Через несколько мгновений я лишь замечаю, как одна из теней, распластавшись в прыжке, бросается на лошадь сбоку, вгрызаясь в её глотку. Лошадь не выдерживает сильного толчка и падает оземь, придавливая мою ногу своим весом. Она пытается встать и бьёт копытами, мотает головой, хрипя, но длинные клыки твари намертво вцепились в животное и держат в тисках. Я с огромным усилием дёргаю ногу и выбираюсь из-под лошади, хватая суму, спотыкаясь, бегу прочь. Мне наперерез кидается вторая тень твари, сбивая с ног. На миг моего лица касается горячее смрадное дыхание, и я чувствую прикосновение когтистых мощных лап к своей груди, но тварь потом тварь несётся дальше, торопясь присоединиться к пиршеству. Я торопливо поднимаюсь и бегу, что есть мочи, спеша удалиться от них, разрывающих несчастное животное на куски.

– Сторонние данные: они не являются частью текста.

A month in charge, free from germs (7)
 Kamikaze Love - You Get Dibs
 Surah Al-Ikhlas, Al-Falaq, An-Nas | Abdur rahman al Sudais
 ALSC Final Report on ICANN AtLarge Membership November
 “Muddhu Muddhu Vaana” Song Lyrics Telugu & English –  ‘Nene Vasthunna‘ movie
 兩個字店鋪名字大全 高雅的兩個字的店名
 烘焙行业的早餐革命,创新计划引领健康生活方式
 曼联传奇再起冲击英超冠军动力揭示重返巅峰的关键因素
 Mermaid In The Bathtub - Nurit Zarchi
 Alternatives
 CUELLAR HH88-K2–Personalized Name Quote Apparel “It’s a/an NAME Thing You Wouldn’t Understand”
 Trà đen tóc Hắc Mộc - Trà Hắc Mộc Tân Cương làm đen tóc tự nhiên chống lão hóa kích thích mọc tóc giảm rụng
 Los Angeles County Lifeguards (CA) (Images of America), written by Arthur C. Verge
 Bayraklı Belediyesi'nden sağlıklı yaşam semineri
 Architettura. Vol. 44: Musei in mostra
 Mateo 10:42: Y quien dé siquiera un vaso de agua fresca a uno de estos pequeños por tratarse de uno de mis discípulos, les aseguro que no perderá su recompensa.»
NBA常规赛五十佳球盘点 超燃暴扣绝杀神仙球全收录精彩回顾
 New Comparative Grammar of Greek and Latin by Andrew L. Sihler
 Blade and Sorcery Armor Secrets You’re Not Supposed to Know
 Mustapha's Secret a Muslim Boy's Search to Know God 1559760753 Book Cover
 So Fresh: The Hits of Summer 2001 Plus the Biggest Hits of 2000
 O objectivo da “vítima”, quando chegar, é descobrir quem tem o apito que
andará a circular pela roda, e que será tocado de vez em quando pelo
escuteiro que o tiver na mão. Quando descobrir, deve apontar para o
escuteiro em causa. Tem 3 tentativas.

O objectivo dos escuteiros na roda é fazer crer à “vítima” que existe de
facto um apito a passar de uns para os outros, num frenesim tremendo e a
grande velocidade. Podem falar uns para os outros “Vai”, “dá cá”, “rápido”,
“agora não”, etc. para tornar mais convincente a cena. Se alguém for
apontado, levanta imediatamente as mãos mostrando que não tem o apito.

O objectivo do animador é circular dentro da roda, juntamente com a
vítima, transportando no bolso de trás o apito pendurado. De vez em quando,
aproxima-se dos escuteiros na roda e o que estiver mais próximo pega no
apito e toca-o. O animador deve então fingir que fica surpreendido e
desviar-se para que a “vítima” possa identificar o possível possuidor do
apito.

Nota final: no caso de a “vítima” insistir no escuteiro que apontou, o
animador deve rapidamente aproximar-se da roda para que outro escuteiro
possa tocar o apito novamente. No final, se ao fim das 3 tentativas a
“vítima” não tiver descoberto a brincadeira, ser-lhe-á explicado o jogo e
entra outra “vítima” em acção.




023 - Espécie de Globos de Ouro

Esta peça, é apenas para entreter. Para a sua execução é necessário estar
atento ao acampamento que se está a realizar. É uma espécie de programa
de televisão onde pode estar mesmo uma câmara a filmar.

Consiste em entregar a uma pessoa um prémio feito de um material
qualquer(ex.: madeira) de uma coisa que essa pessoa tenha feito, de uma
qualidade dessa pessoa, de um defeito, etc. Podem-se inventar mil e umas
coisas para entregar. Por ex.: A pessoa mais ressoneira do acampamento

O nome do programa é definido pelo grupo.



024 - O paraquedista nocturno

Я несусь сквозь тёмную лесную чащу. Ноги иногда поскальзываются на мокром мху, и я падаю, стараясь подняться как можно скорее. Руки исцарапаны, а ногти местами содраны до мяса. Ноги истыканы занозами и острыми колючками, изранены об острые грани камней, но я всё бегу и бегу… Бегу до тех пор, пока хватает сил, а после уже просто устало переставляю ноги. Иногда мне кажется, что в темноте я наткнулась на тропу, но потом под пяткой вновь чувствуется поросль густой, жёсткой травы… Тьма вокруг меня густая и осязаемая, что её можно зачерпнуть ладонью и ощутить кожей. Внезапно нога уходит в пустоту, и я лечу куда-то вниз, больно ударяясь головой…
Глава 24
Моего лица касаются сухие пальцы. Кожа на них огрубевшая настолько, что, кажется, будто меня царапают древесиной. Я пытаюсь открыть глаза, но на закрытые веки ложится мокрая, прохладная тряпица, а следом звучит трескучий голос:
— Лежи… Далеко-далеко забралась… Да. Далеко. Никто не ходит в лесу, кроме Хрисы. Никто не бродит тёмными тропами. Да. Да. Да.
— Мне нужно идти, — я с трудом размыкаю рот, в горле сухо и горячо. Голос вырывается с хрипом.
— Идти. Идти нужно только тогда, когда знаешь, куда. Куда? Никто не бродит тёмными тропами. Да. Да. Да.
Старческая речь то связная и осмысленная, то прерывается однообразным бормотанием повторяющихся фраз себе под нос. Моих рук касаются пальцы, щиплющие кожу, а следом приятное тепло скользит по от кончиков пальцев до самых плеч.